The dismal trading numbers – and the accompanying 54% decline in net income – have led Macy’s to change tack with a new Polaris strategy. This three-year plan is designed to restore profitability and growth to the ailing chain.
Aside from the fact that the strategy contains many changes that should have been made years ago, Polaris seems like a sensible blueprint. The decision to accelerate the closure of underperforming stores is reasonable, not least because it will allow Macy’s to concentrate investment into locations where it can generate a better return. Equally, the decision to accelerate own-label development is healthy, especially in fashion and home where it will boost margins and create a point of differentiation. That said, we do harbor some concerns.
First and foremost is Macy’s ability to execute. Unfortunately, there are too many past examples where Macy’s has been unable to deliver on its plans. As such, we believe the jury is still out on whether Polaris will transform in the way Macy’s wants it to.
There are also areas where it falls short. For example, the expansion of the store refurbishment program is modest – especially compared to the plans of rivals like Target – and we believe that Macy’s should have far more ambition to create a fleet of stores that is truly fit for 2020 and beyond.
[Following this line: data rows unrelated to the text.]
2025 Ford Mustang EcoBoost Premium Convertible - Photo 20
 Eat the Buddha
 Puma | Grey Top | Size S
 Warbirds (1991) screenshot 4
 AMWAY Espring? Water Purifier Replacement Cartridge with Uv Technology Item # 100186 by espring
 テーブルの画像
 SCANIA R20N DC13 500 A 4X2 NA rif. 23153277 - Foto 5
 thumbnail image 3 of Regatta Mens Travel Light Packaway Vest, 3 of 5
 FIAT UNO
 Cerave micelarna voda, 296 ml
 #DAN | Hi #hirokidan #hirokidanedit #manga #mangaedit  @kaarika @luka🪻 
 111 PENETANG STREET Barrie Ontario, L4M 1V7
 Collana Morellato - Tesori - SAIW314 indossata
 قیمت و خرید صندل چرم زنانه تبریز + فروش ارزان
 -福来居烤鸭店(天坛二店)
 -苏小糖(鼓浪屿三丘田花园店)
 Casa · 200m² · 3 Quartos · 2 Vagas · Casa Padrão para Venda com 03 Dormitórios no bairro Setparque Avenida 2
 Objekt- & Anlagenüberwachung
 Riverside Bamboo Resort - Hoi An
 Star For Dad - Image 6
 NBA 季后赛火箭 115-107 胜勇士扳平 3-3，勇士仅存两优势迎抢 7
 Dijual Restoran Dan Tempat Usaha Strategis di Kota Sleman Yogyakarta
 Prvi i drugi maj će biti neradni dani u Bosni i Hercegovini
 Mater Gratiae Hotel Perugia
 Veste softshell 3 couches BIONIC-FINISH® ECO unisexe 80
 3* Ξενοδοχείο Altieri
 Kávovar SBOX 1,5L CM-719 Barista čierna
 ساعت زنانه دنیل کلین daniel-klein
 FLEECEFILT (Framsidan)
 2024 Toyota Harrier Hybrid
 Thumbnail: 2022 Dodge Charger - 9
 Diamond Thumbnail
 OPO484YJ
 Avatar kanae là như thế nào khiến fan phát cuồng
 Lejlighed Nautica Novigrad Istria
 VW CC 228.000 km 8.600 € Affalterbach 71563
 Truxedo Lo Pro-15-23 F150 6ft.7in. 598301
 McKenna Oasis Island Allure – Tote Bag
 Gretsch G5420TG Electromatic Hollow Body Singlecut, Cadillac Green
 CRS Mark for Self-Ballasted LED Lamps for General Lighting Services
We are also concerned that the shuttering of so many stores may impact online traffic as the Macy’s brand becomes less visible; our own data shows a very clear relationship between sales volumes and a physical presence in a catchment, and this is something Macy’s will need to address.
The decision to test new formats, such as Market by Macy’s, is innovative but not a silver bullet. In terms of location, Macy’s will still need to contend with very tough competition and from what we have seen so far, although the format and merchandise is better, we question whether it stands out enough to produce stellar results. The same applies to the expansion of the Backstage off-price format. There is no doubt that this concept has relevance, but Macy’s is essentially expanding into a market that is already extremely crowded with highly-skilled players like TJX so returns are questionable.
As much as we are pleased to see Macy’s set out a grand plan, we still believe that much of the low-hanging fruit has been missed. Too many stores suffer from a lack of basic disciplines – merchandising is terrible and even tasks like dusting fixtures are overlooked. In essence, Macy’s is still failing on retail 101 and this does not bode well for its prospects in more advanced studies.